She will rewrite marital history and transfer all blame on to you to justify her actions.


You keep saying that you are jealous and insecure for snooping on her. You are more than justified and permitted to snoop on her - there should be no secrets in a marriage in general and in this case in particular, I would have done a complete and thorough surveillance on her (see Weightlifter's thread on evidence gathering). She keeps using your perceived "weakness" against you.


You know enough to divorce her and that it would be the right thing to do to initiate divorce proceedings even if you stopped them later on. It would certainly give her a wake up call and tell her that you found your [email protected]! At the moment she sees you as a meal ticket and that is all.


Bob should be fearful for his life not just telling you what a "c*nt" he is while telling your wife how much he misses your friendship.


Make sure that you expose what she has been up to to her family and Bob's wife/gf if he has one. You do not want to be painted the bad one when it all comes out.


Lawyer up, find out legally what is the best way to protect custody of your kids and your assets.
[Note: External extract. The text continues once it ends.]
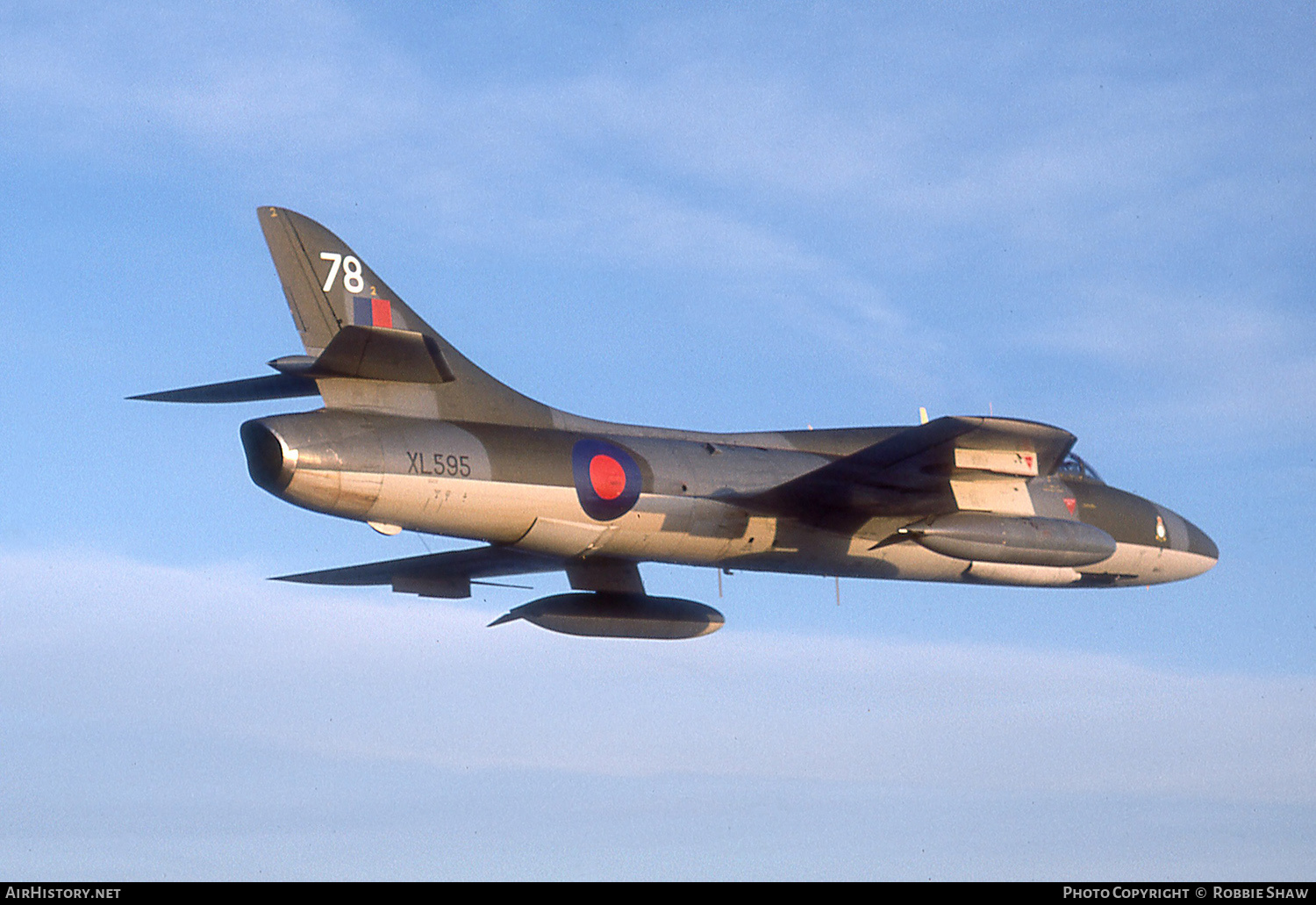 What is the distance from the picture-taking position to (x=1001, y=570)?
21.9 metres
Do the 180 and start healing yourself mentally and physically too and preparing for the fallout.


You need to be able to let her go in order to win anything here.


She needs to hit rockbottom and fully acknowledge what she has done and demonstrate to you that she is sorry (not just for being caught and not in words only). Anything else, and you will be rug sweeping the whole thing only for it to start up again later.


I wouldn't reconcile with her based on what she has done and if you did (for God knows what reason), she would have to go completely no contact (she will have to send a NC letter that you help her draft), she will have to be completely transparent with you at all times (phone, email, messaging, whereabouts, FB etc) and not deleting anything until you have seen it. She will need to draft a timeline with all details of what happened.


I would also collect as much evidence as per Weightlifters thread on this subject secure it, and then expose without ever revealing my sources.


Get ready to walk away from this liar, cheater and disrespectful person. Know her for what she is, not for what you think she is or would like her to be.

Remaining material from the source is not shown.